State news agency Kazinform on June 15 cited Nurlan Kydyrbayev, head of the National Security Committee in Aktobe region, as saying that 36 people plotting violent acts in Kazakhstan and abroad were arrested since 2015.
“When it comes to people that do not accept preventative measures and that harbor violent intentions against society, we are forced to adopt robust measures,” Kydyrbayev said.
It was not immediately clear why this information has been made public now, rather than before the events in Aktobe on June 5.
Kydyrbayev, who was speaking at a meeting of security officials on antiterrorism measures, said that there were an estimated 1,565 people that he termed Salafists living in the Aktobe region. Of that overall number, around 90 are potential jihadists, Kydyrbayev said.
Salafism is held up by its followers as an adherence to the pure, original and untainted form of Islam. While ostensibly rejecting the established doctrinal schools, they arguably relate most closely to the Hanbali system that prevails in Saudi Arabia, as opposed to the more moderate Hanafi recognized by most Muslims in Central Asia.
Various theories circulate about how this particular current came to gain prominence in countries like Kazakhstan.
One particularly contentious account reproduced by political analysis website Exclusive.kz suggested that Salafism was initially brought into the country by the security services.
“It is believed that Salafi preachers were brought into the country in the mid-2000s by security officials engaged in a desperate fight … against the influence and ideas of Hizb ut-Tahrir,” the article’s author Manas Bistayev wrote. “Salafism was chosen as the lesser evil because it was more primitive and simple to manipulate.”
Needless to say, that is not the version that Kydyrbayev is going with.
“In order to keep Salafists under control, it takes a lot of effort.
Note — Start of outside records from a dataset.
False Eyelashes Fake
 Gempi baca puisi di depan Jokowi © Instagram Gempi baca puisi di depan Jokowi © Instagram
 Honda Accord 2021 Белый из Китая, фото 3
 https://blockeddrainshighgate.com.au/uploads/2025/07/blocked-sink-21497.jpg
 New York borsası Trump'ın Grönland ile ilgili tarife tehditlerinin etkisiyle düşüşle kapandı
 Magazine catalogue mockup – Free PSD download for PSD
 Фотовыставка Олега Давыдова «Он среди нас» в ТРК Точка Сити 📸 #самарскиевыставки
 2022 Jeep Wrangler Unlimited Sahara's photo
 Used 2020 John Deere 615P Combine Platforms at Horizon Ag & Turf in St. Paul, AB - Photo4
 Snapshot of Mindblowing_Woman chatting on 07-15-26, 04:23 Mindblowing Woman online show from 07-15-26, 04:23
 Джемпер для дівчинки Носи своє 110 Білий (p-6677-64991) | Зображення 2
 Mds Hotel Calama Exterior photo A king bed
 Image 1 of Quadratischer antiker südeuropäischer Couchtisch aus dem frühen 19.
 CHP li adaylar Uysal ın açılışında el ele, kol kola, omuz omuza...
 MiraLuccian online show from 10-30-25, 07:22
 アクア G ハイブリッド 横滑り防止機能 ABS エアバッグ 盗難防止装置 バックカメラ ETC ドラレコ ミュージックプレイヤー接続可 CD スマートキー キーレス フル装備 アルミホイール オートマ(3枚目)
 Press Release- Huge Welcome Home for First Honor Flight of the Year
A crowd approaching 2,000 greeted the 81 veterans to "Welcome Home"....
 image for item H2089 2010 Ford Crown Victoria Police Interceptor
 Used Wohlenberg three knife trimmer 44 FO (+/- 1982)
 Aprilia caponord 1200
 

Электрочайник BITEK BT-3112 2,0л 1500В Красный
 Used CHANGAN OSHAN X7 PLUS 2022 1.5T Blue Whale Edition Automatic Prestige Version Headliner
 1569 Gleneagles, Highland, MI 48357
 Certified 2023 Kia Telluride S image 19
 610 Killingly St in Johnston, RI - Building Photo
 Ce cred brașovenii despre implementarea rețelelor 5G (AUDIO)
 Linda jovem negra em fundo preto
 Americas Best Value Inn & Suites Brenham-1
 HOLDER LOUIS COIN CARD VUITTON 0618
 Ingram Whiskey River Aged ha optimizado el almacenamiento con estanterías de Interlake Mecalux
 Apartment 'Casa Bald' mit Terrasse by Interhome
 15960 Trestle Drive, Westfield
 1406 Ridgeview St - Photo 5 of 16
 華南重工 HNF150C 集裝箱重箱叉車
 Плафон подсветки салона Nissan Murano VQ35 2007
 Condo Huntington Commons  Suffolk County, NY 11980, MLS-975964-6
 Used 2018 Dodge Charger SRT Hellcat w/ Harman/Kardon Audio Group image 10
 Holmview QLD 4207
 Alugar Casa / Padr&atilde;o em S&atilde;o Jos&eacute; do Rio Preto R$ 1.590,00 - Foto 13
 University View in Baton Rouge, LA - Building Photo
Since last year, we have managed to convince 32 Salafists, but we do not have enough well-educated theologians and imams to carry out this work. We need to train local staff,” he said.
Repeating the party line hinted at by President Nursultan Nazarbayev and stated more clearly by Interior Minister Kalmuhanbet Kasymov, Kydyrbayev argued that instructions for the Aktobe attacks came from the Islamic State.
“In an address by the main [Islamic State group] ideologue, they received instructions to carry out jihad in our country,” Kydyrbayev said.
In truth, this explanation raises more questions than it answers. Namely, is the official version of events that the Aktobe group were given specific instructions on the type of attack they were to execute, as well as when and where it was to be executed? And that they were given resources to do all this? Or is the argument that Islamic State propagandists are ultimately but only loosely responsible because of their general call to violent acts against their perceived foes? Nazarbayev remarks suggest the former to be the case, while Kydyrbayev appears to lean toward the latter.
Bloody events in France, Belgium, the United States and Egypt over the past few months have clearly illustrated how the Islamic State is increasingly functioning as a franchised brand that can be liberally adopted by the perpetrators of arbitrary mass murder.
The Aktobe group, which is said to have numbered up to 45 people, strayed considerably from the lone wolf method of violence almost for its own sake, however, and seemed intent on capturing weapons for some ulterior end.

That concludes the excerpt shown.